# How much to Tip at Harbor?



## captxtina (Aug 5, 2008)

So I'm new to cruising this summer, and I've been wondering:
1. When to tip, when not to tip?
2. How much to tip?
3. Does it matter if I'm at my homeport or visiting a port?

First, at my home port, where I see the same guys/gals every week, do I tip them with each launch service, or do I wait till the of the season? Or don't tip at all? In either case, how much?

Secondly at a visiting port...do you tip for the return of a round trip only, or each 1-way? 

Do you tip every person who helps you at a marina or harbor whether they're a harbormaster/assistant or a marina person? 

Does the percentage or dollar amount vary depending on if it's a dockhand or launch person? 

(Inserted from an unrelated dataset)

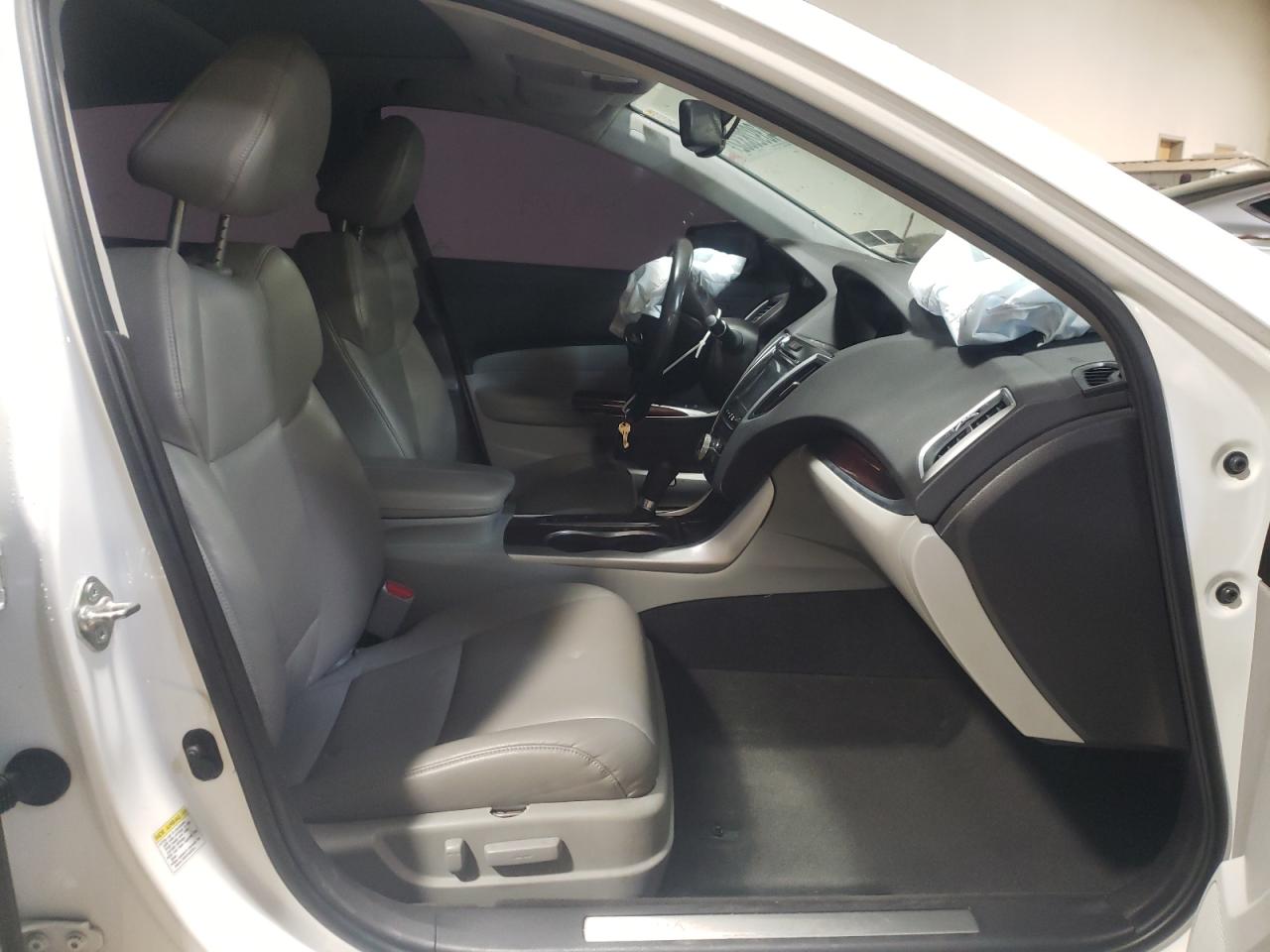 Zdjęcie 5 z aukcji – 2015 ACURA TLX z VIN 19UUB1F39FA010047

I don't want to be rude, but I also don't want to look like a fool or pay more than is customary.


----------



## PBzeer (Nov 11, 2002)

Personally, I only tip if I get service above what is part of the fee I pay. It's certainly a nice gesture to tip or give a gift once a season at your homeport, but it's not something, I at least, feel is required.


----------



## ebs001 (May 8, 2006)

This is a very good question. Last year when in St. Augustine I stopped at a Marina there. A dockhand helped secure my boat, directed me to the nearest restrooms, the water and power hook-ups...the usual. I got the feeling that he was expecting a tip. I did not tip him but thought afterwards I should have. My feeling has been that Americans tip too much but when in Rome ...etc. I paid $80+ per night to the Marina and I did not need the assistance docking but still felt guilty enough that next time I will. It would be nice to hear how others deal with these situations so that we can get some sort of consensis.


----------



## camaraderie (May 22, 2002)

As a dockhand...I can tell you that in visiting marinas a tip of a couple of bucks on up to 5 bucks for those that REALLY help you is appreciated upon arrival. It is also RARE to get one from a sailor...and normal to get one from a power boater. Don't ask me why...just the way it is. 
I would not feel obligated to tip anyone who did not greet you in a friendly manner and do more than take a couple of lines around a cleat. But when someone is friendly, sticks around to help with spring lines, fenders and electric/water connections and marina and local advice...it is a good thing to encourage that kind of service. 
My particular pet peeve is those who call in and ask us to stick around after closing time for their late arrival and then simply say thanks! Ditto those who come in, in a storm or squall and leave us soaking wet with the same end result after wrestling them into their slip. 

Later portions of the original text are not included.